A l’inverse de celui-ci, Alferi n’est pas un auteur en représentation. Il analyse divers types de lecture et de préhension qui échappent au système de la mode et à celui d’un compassé du récit littéraire et du reportage romancé. Il prouve que les voies de la poésie et du discours sont moins impénétrables qu’il n’y paraît. Elles passent en ce livre par la genèse des formes et leur système. Et ce à travers diverses pistes de la  « prosodie » au « théâtre de papier » en passant de « l’écrit à l’écran ».

La linéarité du sens unique s’y démultiplie en créant des dissonances essentielles. Certes « Le ton n’est pas toujours sérieux » écrit Alferi. Il ajoute : « Limité par le temps, je procède quelquefois par simples assertions, qui se lisent alors comme les têtes de chapitres manquants ». Voire. Ces « brefs discours laissés en l’état » sont plus solides que l’auteur veut bien le laisser croire. Et celui-ci de préciser : « poèmes prosaïques, visuels ou animés, récits digressifs ou hétérogènes, figures de monstres, films dansants, fantômes tracés suggèrent une certaine politique des formes. Ils plaident pour une imagination technique assez négligée – ou mal vue – en littérature ».

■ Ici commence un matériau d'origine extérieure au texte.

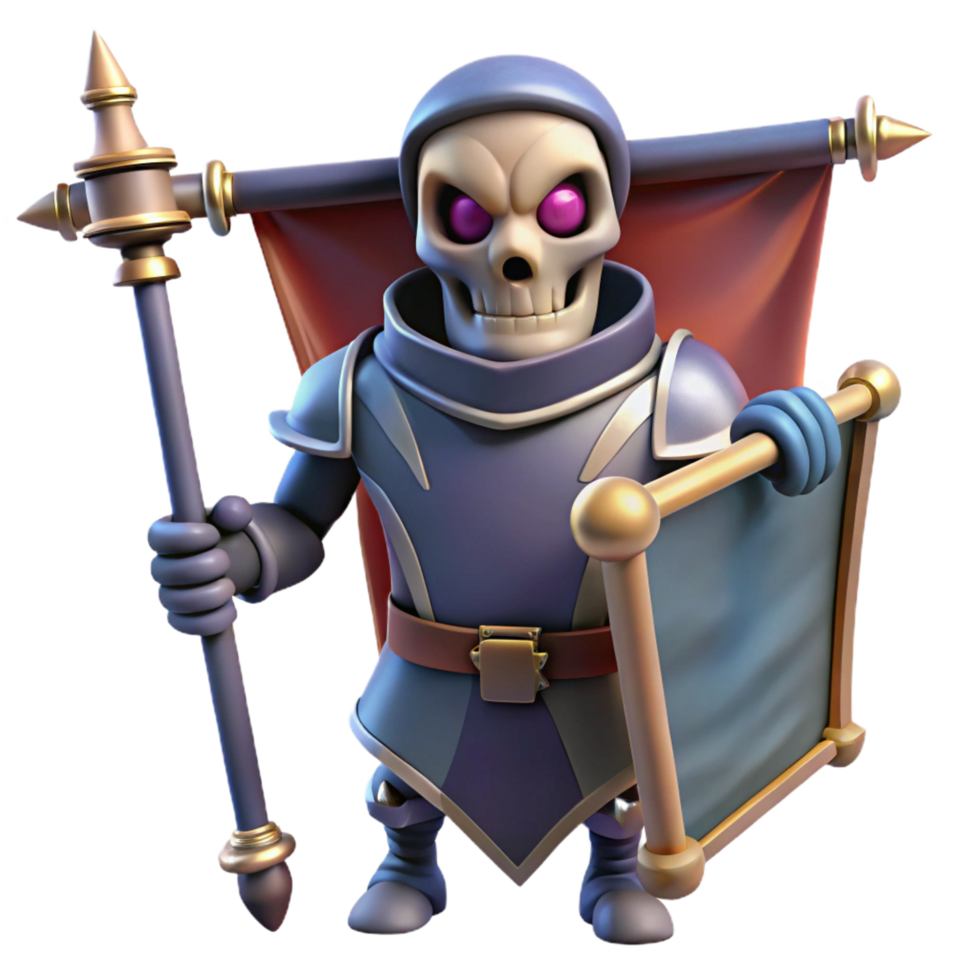 serene abstract Skeleton Knight 3D Render authentic png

Mais en lieu et place des effets de  dissolving views chères à Derrida, Alferi oriente vers une autre perception intellectuelle : celle d'un  « perdre voir » qui est tout autant un « sur voir ». Il permet de marquer la différence entre narration discursive et poésie non par une logique aristotélicienne mais par ce qu’on pourrait appeler des adventices. L’auteur prouve qu’entre l’imaginaire et l’entendement les « mises » sont différentes. 

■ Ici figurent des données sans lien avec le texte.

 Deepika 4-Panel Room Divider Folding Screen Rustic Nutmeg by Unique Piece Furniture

Il montre comment les tours de manège entre les essences et les apparences  s’opposent quant à la manière de les appréhender suivant les « genres » et la  philosophie de l’existence qu’ils engagent. A la littérature basique qui présuppose un  « objet », le « poétique » selon Alferi oppose une absence, une vacance. L’ « illumination » du corps des images ne couvre donc plus le même champ  d’expérience, d’appréhension, de compréhension et d’émergence. L’auteur le souligne à travers divers exemples de formes ou de voies. Il existe par exemple de belles pages sur la codification informatique et le cyberspace ou sur le « trafic » instauré par Tati dans le film du même titre avec ses subtiles « effets retard».

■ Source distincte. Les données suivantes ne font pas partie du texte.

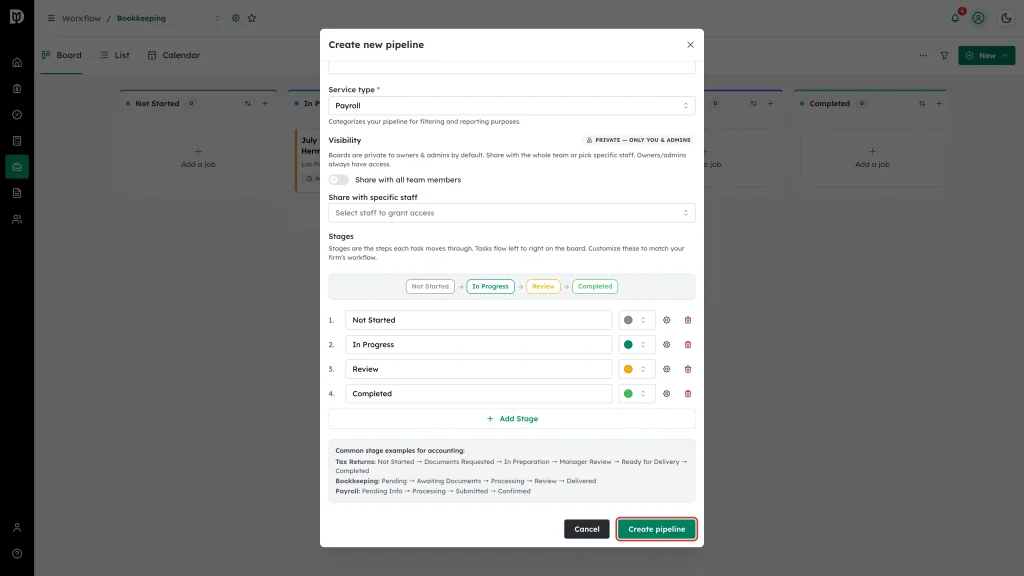 Create pipeline button highlighted at the bottom of the window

Chaque « discours » devient une zone de fouilles capables d’atteindre le vortex de la machinerie de l’écriture donc celle de l’être, du réel et de leur transfiguration.  Le poétique tel que le décline l’auteur devient le signe de l’ordre de la régénérescence comme celui du chaos. Bref le lieu où tout commence. Pour  figurer ce jaillissement  et soulever cet abîme de feu, Alferi récupère diverses formes minoritaires. Il prend donc à rebours la tradition occidentale qui a assoupi ce feu ou l’a déporté selon des postulations issues de censures morales ou à l’inverse  de feintes d’exposition.